__What needs to be done__
For the material below, the expected output is exactly the lines between the line holding "Before starting the" and the line holding "Humanoid robots are", inclusive, with pictures left out.

__Entries provided__
"""

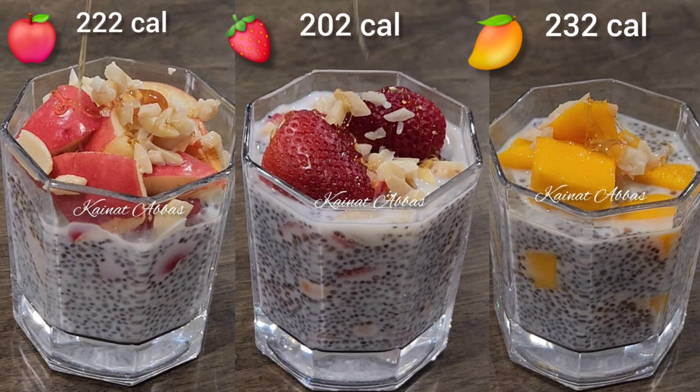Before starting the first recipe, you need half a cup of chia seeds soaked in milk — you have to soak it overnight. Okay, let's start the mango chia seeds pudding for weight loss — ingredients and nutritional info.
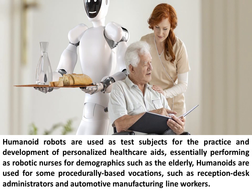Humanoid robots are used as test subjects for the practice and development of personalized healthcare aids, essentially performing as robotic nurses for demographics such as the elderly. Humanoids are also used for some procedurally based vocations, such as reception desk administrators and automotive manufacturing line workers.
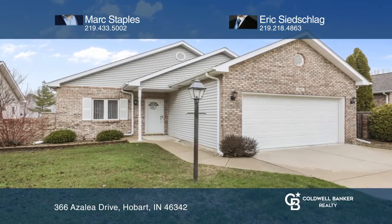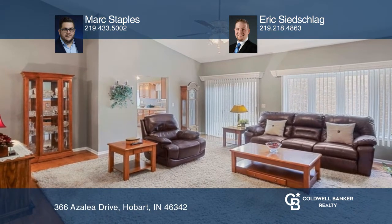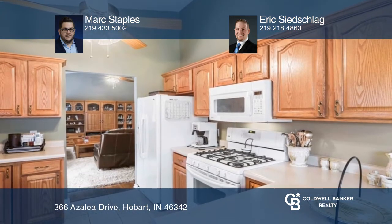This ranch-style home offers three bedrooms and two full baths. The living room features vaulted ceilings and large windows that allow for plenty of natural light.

"""
"""

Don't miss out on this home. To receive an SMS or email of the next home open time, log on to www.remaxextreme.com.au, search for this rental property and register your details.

"""
"""

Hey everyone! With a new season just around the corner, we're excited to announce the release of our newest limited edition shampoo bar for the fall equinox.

"""

__Exercise solution__
Before starting the first recipe, you need half a cup of chia seeds soaked in milk — you have to soak it overnight. Okay, let's start the mango chia seeds pudding for weight loss — ingredients and nutritional info.
Humanoid robots are used as test subjects for the practice and development of personalized healthcare aids, essentially performing as robotic nurses for demographics such as the elderly. Humanoids are also used for some procedurally based vocations, such as reception desk administrators and automotive manufacturing line workers.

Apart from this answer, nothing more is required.